The performance of EDL, DL-ReSuMe and ReSuMe are compared in Fig. 2. A spatiotemporal input pattern with 400 spike trains is used. Each spike train is generated by a Poisson process. The mean frequency of the input pattern is 5 HZ. A desired spike train is also produced by a Poisson process with 100 Hz mean frequency. The total time duration, \( T_{t} \), of input and output spike trains are changed from 100 to 1000 ms. The simulation is done for 20 independent runs and the median value of the 20 run is shown in Fig. 2.

Fig. 2.
figure 2

Comparison of the performances of EDL, DL-ReSuMe and ReSuMe for different values of \( {\text{T}}_{\text{t}} \). The input spatiotemporal pattern and the desired spike train are produced by Poisson processes with frequencies of 5 Hz and 100 Hz, respectively. \( {\text{dtMax}} \) is set to 15 ms for both EDL and DL-ReSuMe. The synaptic delays are initialized to dtMax/2 = 7.5 ms and 0 ms for EDL and DL-ReSuMe, respectively.

The results show that the performance of EDL is higher than the performance of ReSuMe for all the values of \( T_{t} \) (up to 1000 ms). In addition, the performances of EDL and DL-ReSuMe are identical when the simulation time is shorter than 500 ms but the performance of EDL then becomes higher for \( T_{t} \) longer than 500 ms. Like DL-ReSuMe, the performance of EDL also drops after 500 ms but less sharply than DL-ReSuMe. The weights are adjusted based on STDP and anti-STDP. In the STDP and anti-STDP the time of an input spike is important. For example, during STDP, if an input spike occurs shortly before and close to a desired spike time, the corresponding weight is potentiated by a high value. When a delay is applied to the input after the weight adjustment, the PSP produced by the input spike is delayed.
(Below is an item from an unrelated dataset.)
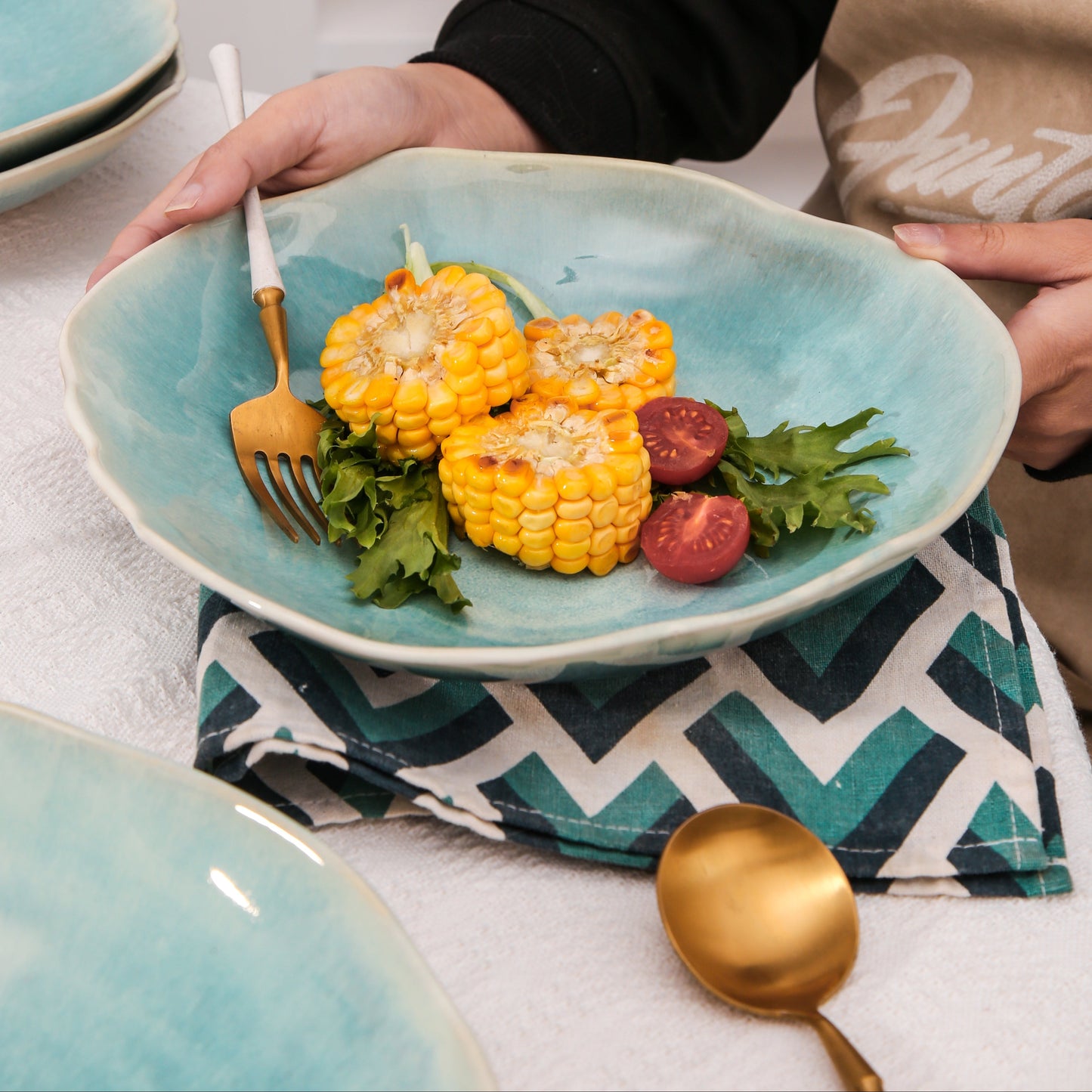 4-Piece Stoneware Deep Plate Set in Aqua Blue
A high enough delay can shift the produced PSP beyond the desired time and because of the high weight of the input (related to the previous weight learning) it may cause an undesired output spike after the desired time, and this can be considered as the negative effect of the delay adjustment on the weight learning. A high value of \( T_{t} \) can result in each delay adjustment affecting a higher number of input spikes and consequently increases the negative effect of delay adjustment which can contribute to a decrease in the learning performance as shown in Fig. 2.

5 Conclusion and Future Work

In this paper, DL-ReSuMe is extended to improve the learning performance resulting in the proposed EDL (Extended Delay Learning) method. EDL trains a neuron to fire at desired times in response to an input spatiotemporal spiking pattern using the synergy between weights and delays training. This interplay between weights and delays helps the neuron fire at desired times while at the same time cancel its spikes fired at undesired times. Unlike DL-ReSuMe, delays are changed for both inhibitory and excitatory inputs and a synaptic delay can be changed several times in EDL. Multiple adjustments of a delay at various times give the EDL method the ability to assess the effect of a delay on various desired spikes and actual output spikes and then to reconcile the various effects by finding an appropriate delay adjustment.

The learning performance of EDL was compared against DL-ReSuMe, developed by the authors, and the well-established ReSuMe method and the obtained results have shown an overall increased accuracy for different durations of Poisson input spatiotemporal spiking pattern and desired spike train.

Future work will explore the application of EDL to a network of spiking neurons and its viability in learning classes of spatiotemporal spiking patterns.